%%

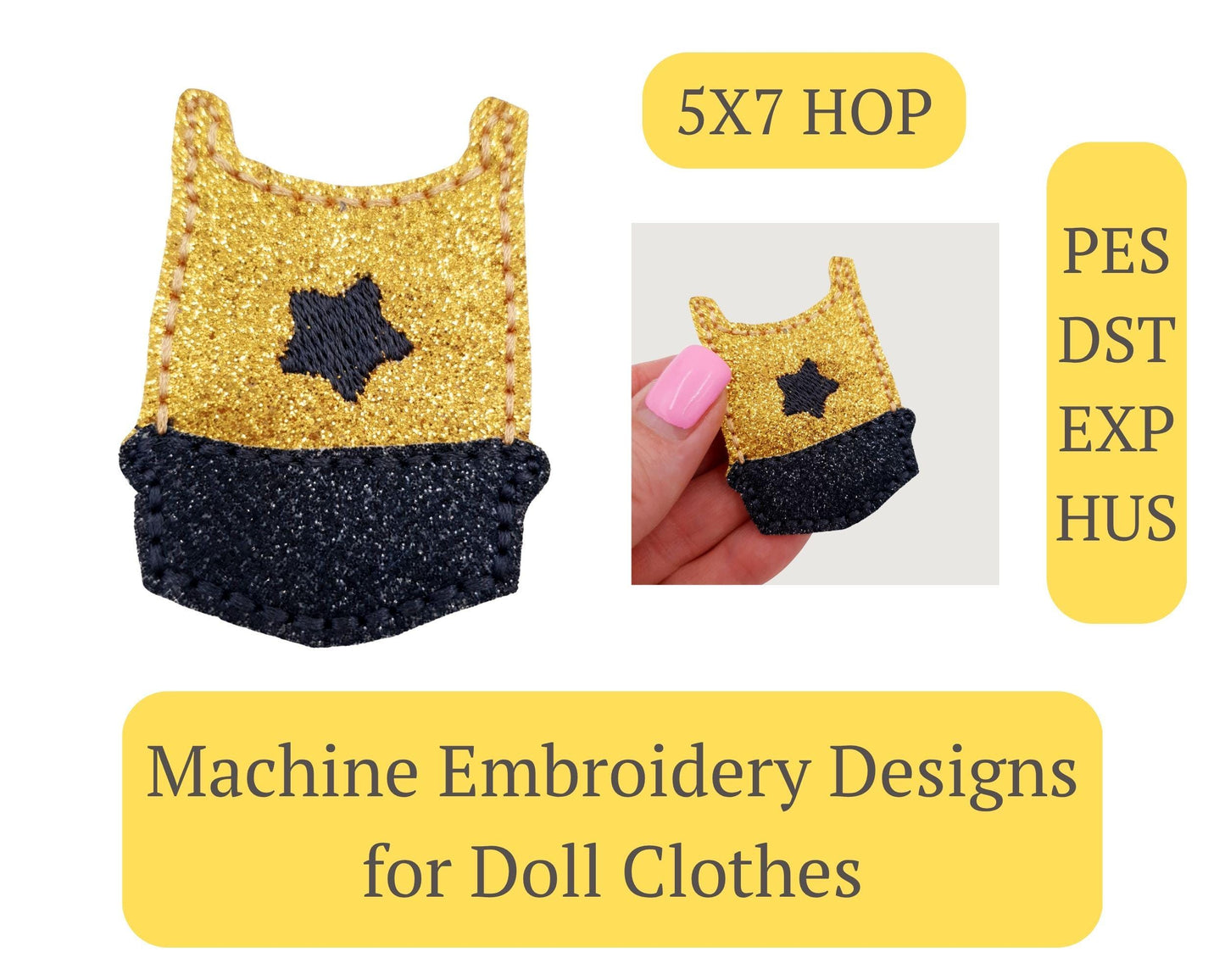 ITH Super Heroine Doll Clothes Embroidery Design Star Power Felt Outfit Pattern for Dress Up Dolls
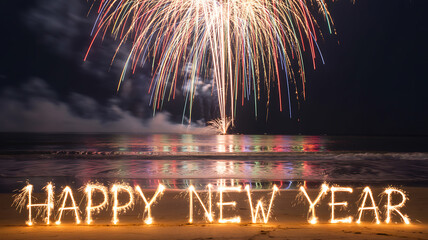 Sparkler-written Happy New Year message on beach with fireworks reflecting over ocean at night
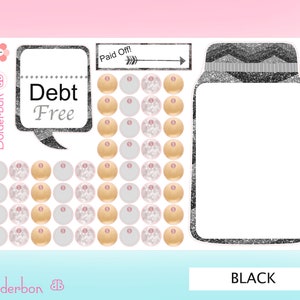 May include: A printable debt tracker with a black and white glitter design. The tracker features a jar with a 'Debt Free' label and a grid of circles to track progress. The text 'Paid Off!' is at the top of the page.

%%

Retype the full listing above precisely. Exclude each picture you find in it.

 ITH Super Heroine Doll Clothes Embroidery Design Star Power Felt Outfit Pattern for Dress Up Dolls
 Sparkler-written Happy New Year message on beach with fireworks reflecting over ocean at night
 May include: A printable debt tracker with a black and white glitter design. The tracker features a jar with a 'Debt Free' label and a grid of circles to track progress. The text 'Paid Off!' is at the top of the page.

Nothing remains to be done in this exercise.